Unterschiede bestehen in der Frage, wer der eigentlich Handelnde in der Taufe ist. Gott, der mit der Taufe sein Heilsangebot an alle Menschen für den Täufling konkret zur Geltung bringt und es ihm ein für alle Mal zuspricht? Das wird in der Kindertaufe betont. Oder der Mensch, der das Heilsangebot Gottes im Glauben annimmt? Das wird in der Gläubigentaufe betont. Da Baptisten oft in der Abgrenzungssituation gelebt haben, haben sie das Letztere allerdings über die Maßen betont und dabei die neutestamentlichen Überlegungen einseitig betont (z.B. Röm 6,1-11 oder 1Kor 6,11-20).
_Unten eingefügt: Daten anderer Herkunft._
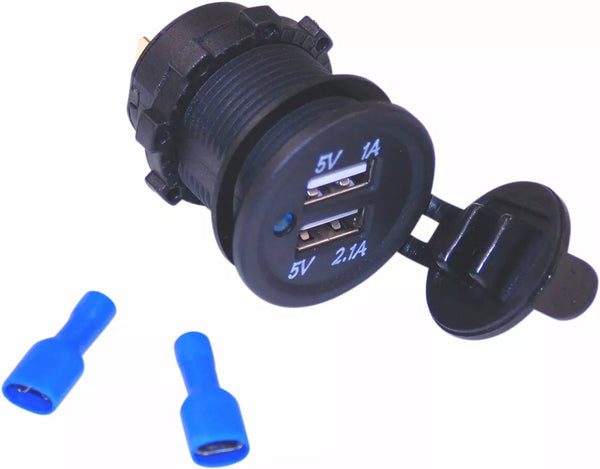 NAMZ USB töltőport Mount NUSB-P02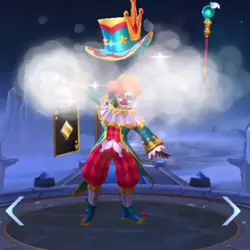 #Game Mobile legend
Beides gilt für die Taufe insgesamt. Nie ist es nur der Mensch, der handelt – auch Gott handelt. An vielen Stellen des Neuen Testamtents wird genau dieses Handeln Gottes im Zusammenhang mit der Taufe betont (s.o). In einem etwas einfachen Vergleich könnte man sagen: Gott und der Mensch reichen sich in der Taufe die Hand.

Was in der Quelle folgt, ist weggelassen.